Ключевые слова: Киевская Русь, каноническое право, Римское право, Древняя Русь, история Русской церкви, история церковного права.

Об авторе: Павел Иванович Гайденко

Доктор исторических наук, профессор Московского государственного лингвистического университета; старший научный сотрудник Института украинской археографии и источниковедения имени М. С. Грушевского Национальной академии наук Украины; председатель редакционного совета журнала «Палеоросия». E-mail: prof.gaydenko@rambler.ru ORCID: https://orcid.org/0000-0002-2104-362X

Ссылка на статью: Гайденко П. И. Княжеская расправа над иноками Василием и Феодором Печерскими (каноническо-правовая сторона совершившегося) // Христианское чтение. 2021. №2. С. 170-180.

KHRISTIANSKOYE CHTENIYE [Christian Reading]

Scientific Journal Saint Petersburg Theological Academy Russian Orthodox Church

No. 2 2021

Pavel I. Gaidenko

The Princely Massacre of the Monks

Basil and Theodore of the Caves (the Canonical-Legal Side of the Act)

DOI 10.47132/1814-5574_2021_2_170

Abstract: The end of the 11th century became one of the most dramatic periods in the history of the Kiev Caves Monastery. The monastery was desecrated several times by representatives of the ruling princely family, and three of its monks died. In the present article, an attempt is made to consider from the standpoint of law and canonical norms of its time the events associated with the death of two monks: Theodore and Basil. The reason for the conflict was the denunciation that the monk Theodore found the treasure and hid the find without informing the prince about it. An analysis of the situation described in the patericon story allows us to conclude that the claims of Mstislav, the brother of the Grand Duke, to the hermit were not unfounded. However, there is no doubt that the interrogation turned out to be too cruel, and the tormentors of the monks did not believe the sincerity of their answers. It is precisely this circumstance that does not allow us to recognize the correctness of Prince Mstislav. Nevertheless, it is just as obvious that by concealing the fact of finding the treasure, the monk Theodore committed an offense that contradicted the norms of law in Russia and Byzantium.

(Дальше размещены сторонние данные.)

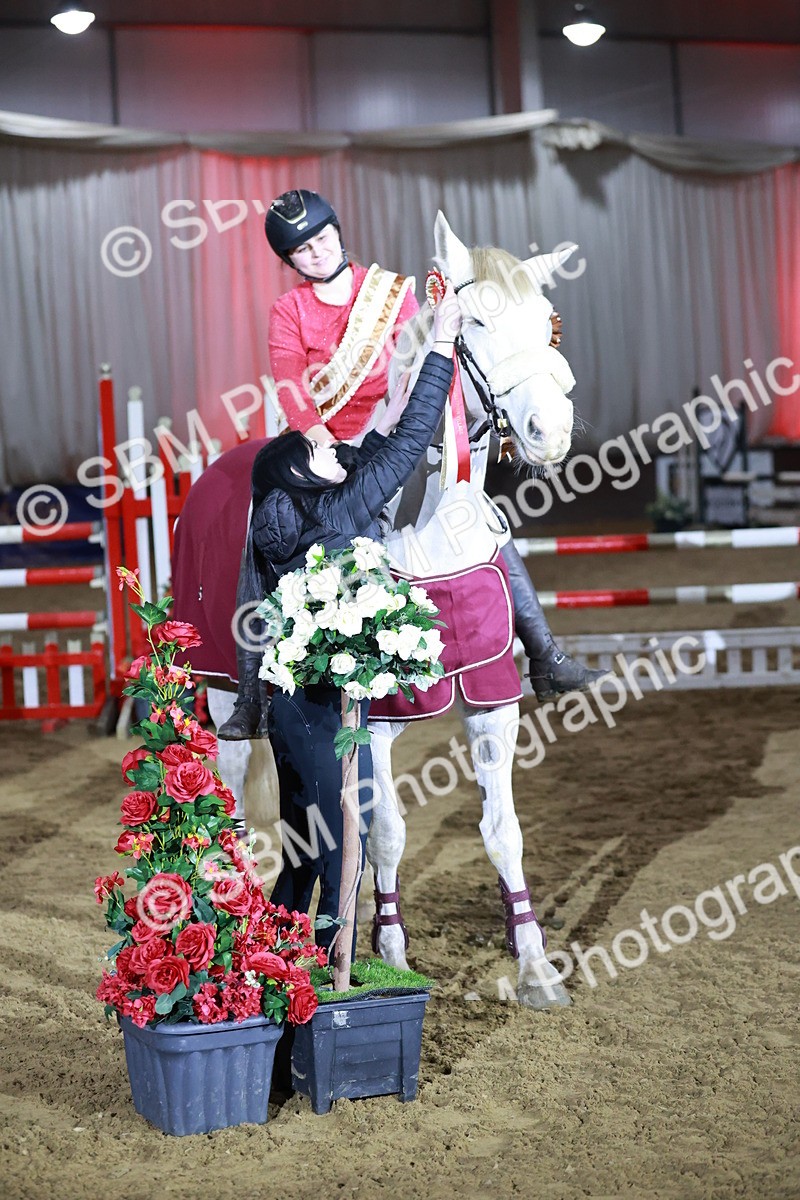 SBM_007827 - Bareback Presentations - 14-2-26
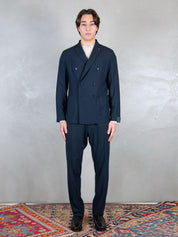 Bottega Marchigiana Abito <BR/>Steward STEWARD/J+PRFCT PLS MBS-05 Bottega Marchigiana 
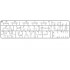 1/35 IDF Medium Tank Tiran 4 Sh Early Type [Full Interior Kit]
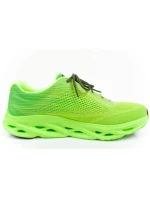 Běžecké boty Skechers Go Run M 220908/GRN Běžecké boty Skechers Go Run M 220908/GRN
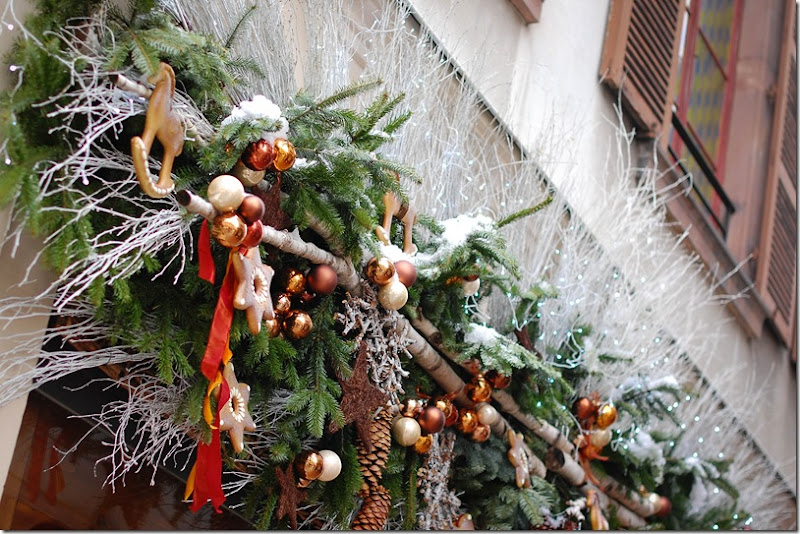 window decor2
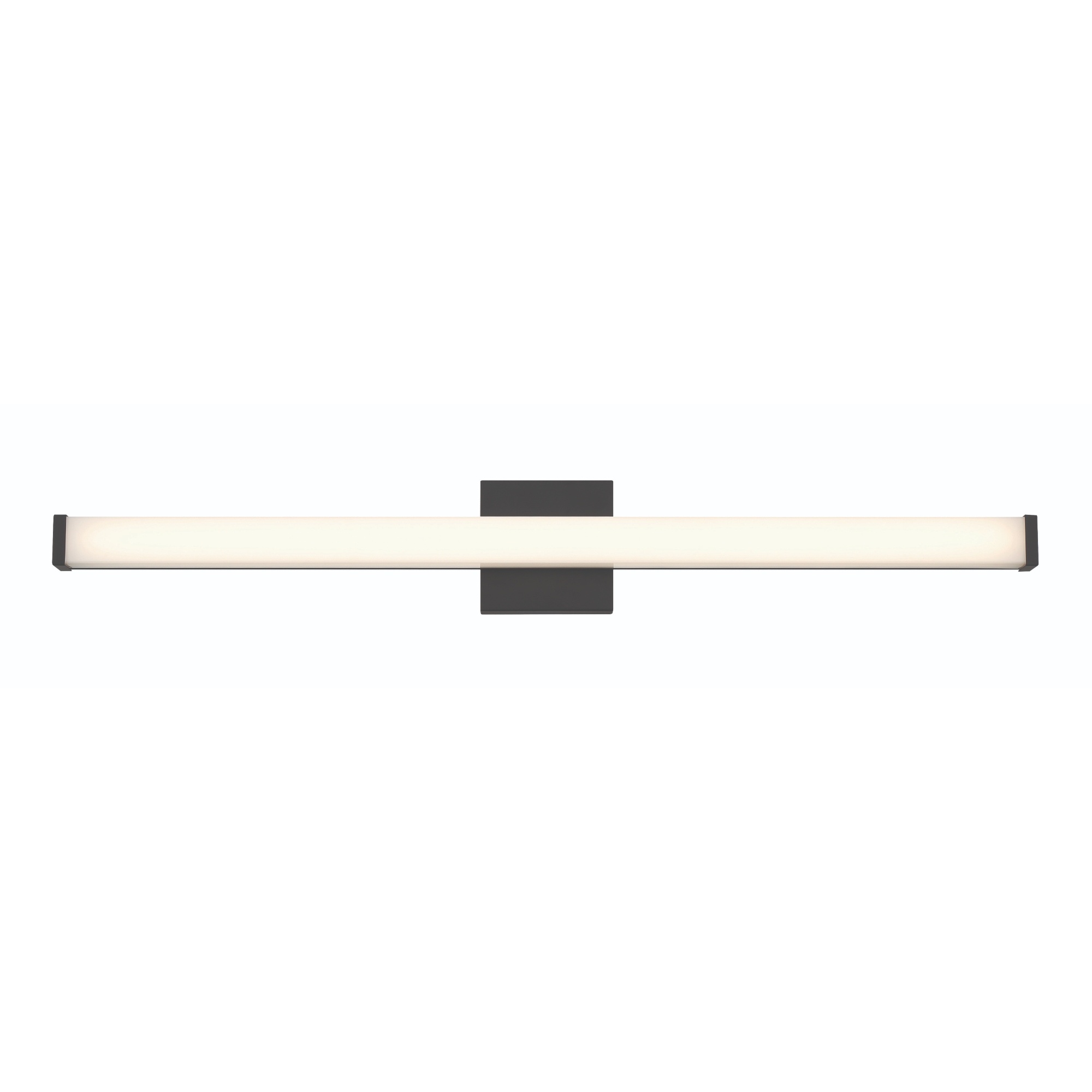 Luminaire mural RONNING 46820-035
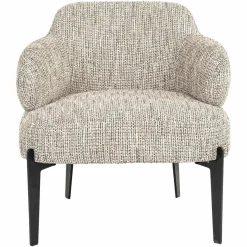 Richmond Interiors Fauteuil Venus Be Trendy 01 Nature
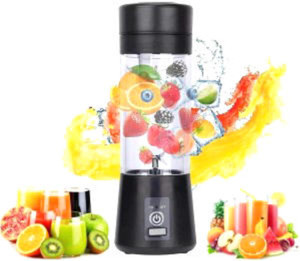 GUGGU PRO 450 W Juicer Mixer Grinder Price in India - Buy GUGGU PRO 450 ...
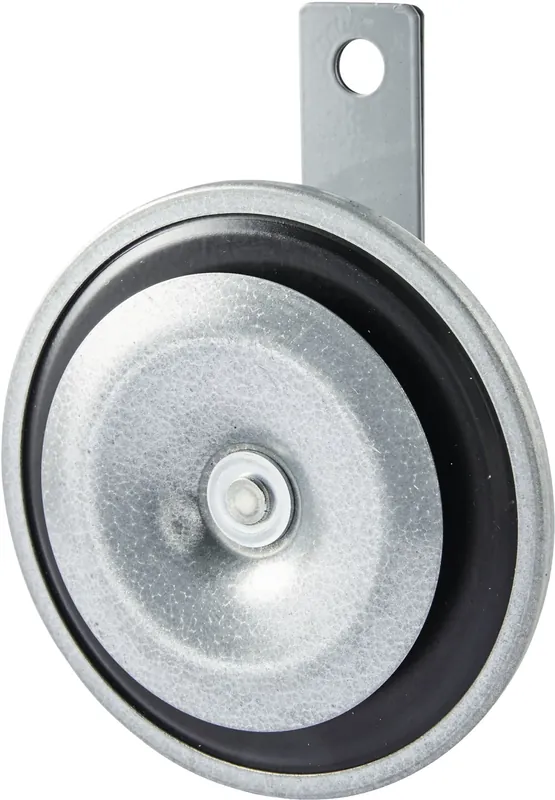 Preisknaller Hella® Signalhorn 12 V 66 W, Hochton, 3AL 002 952-811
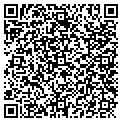 QR code with Myungdong Apparel contacts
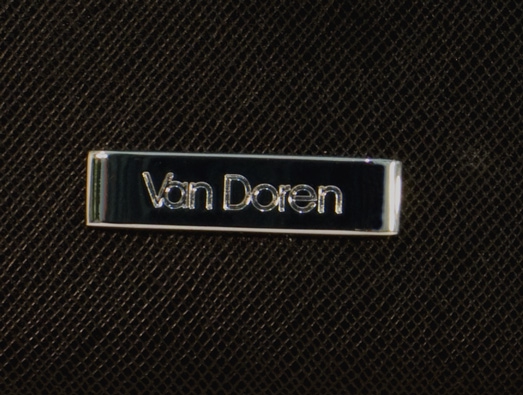 VG329-04.2.jpg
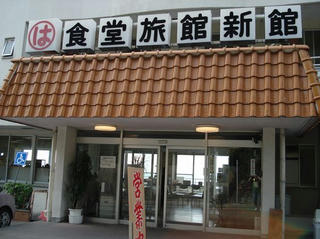 DSC01981.JPG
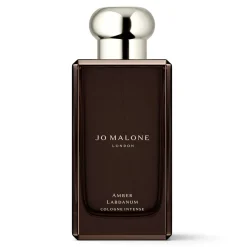 Online Amber Labdanum Cologne Intense, 100 ml Eau De Cologne|Eau De Cologne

Keywords: Kievan Rus, canon law, Roman law, Ancient Rus, history of the Russian Church, history of church law.

About the author: Pavel Ivanovich Gaidenko

Doctor of Historical Sciences, Professor of Moscow State Linguistic University; Senior Researcher, M. S. Hrushevsky Institute of Ukrainian Archeography and Source Study, National Academy of Sciences of Ukraine; Chairman of the Editorial Board of the Journal "Paleorosia". E-mail: prof.gaydenko@rambler.ru ORCID: https://orcid.org/0000-0002-2104-362X

Article link: Gaidenko P. I. The Princely Massacre of the Monks Basil and Theodore of the Caves (the Canonical-Legal Side of the Act). Khristianskoye Chteniye, 2021, no. 2, pp. 170-180.

История взаимоотношений древнерусских монастырей Х1-ХШ вв. и княжеской власти давно привлекает к себе внимание исследователей и отмечена целой плеядой имен, среди которых особо выделяются имена митр. Макария (Булгакова), Е. Е. Голу-бинского, Я. Н. Щапова, В. Л. Янина, А. В. Назаренко, Л. А. Секретарь, А. Е. Мусина, М. А. Несина, В. И. Ульяновского и многих других. Однако, невзирая на значительные и несомненные достижения в этой области, по-прежнему многое в прошлом древнерусских обителей и в истории их контактов с представителями правящего рода в Х1-ХШ вв. полно лакун. Примечательно, что порой эти исторические «разрывы» и «утраты» обнаруживаются там, где, казалось бы, все уже давно изучено и многократно пересмотрено. Одним из примеров отмеченной ситуации может служить патериковая история, сообщающая о жестоком суде князя Мстислава Святополковича над двумя монахами Печерской обители, Василием и Феодором [Киево-Печерский патерик, 2004, 443-456]. Примечательно, что по своему содержанию она пересекается с другими подобными рассказами: во-первых, с историей инока Прохора, вступившего в конфликт с княжеской властью из-за монастырской соли [Киево-Печерский патерик, 2004, 426-435], и, во-вторых, со сказанием еще об одном насельнике обители прпп. Антония и Феодосия, иноке Григории. Ему также пришлось пострадать от рук воинов великокняжеского родственника Ростислава Всеволодовича, младшего брата Владимира Всеволодовича Мономаха [Киево-Печерский патерик, 2004, 410-412]. Единство этих сюжетов привлекло внимание еще А. А. Шахматова, обратившего внимание на то, как один из авторов древнерусского летописания игумен Сильвестр «не случайно» предпочел не упоминать эти печальные события в составлявшемся им своде [Шахматов, 2003, 173]. Можно вполне согласиться и с М.Д. Приселковым, высказавшимся за то, что Патерик выступал своего рода обращением не только к самой братии, но и к княжеской власти, которой напоминалось о ее долге почтительного отношения к монастырю и его братии [Присёлков, 2003, 222].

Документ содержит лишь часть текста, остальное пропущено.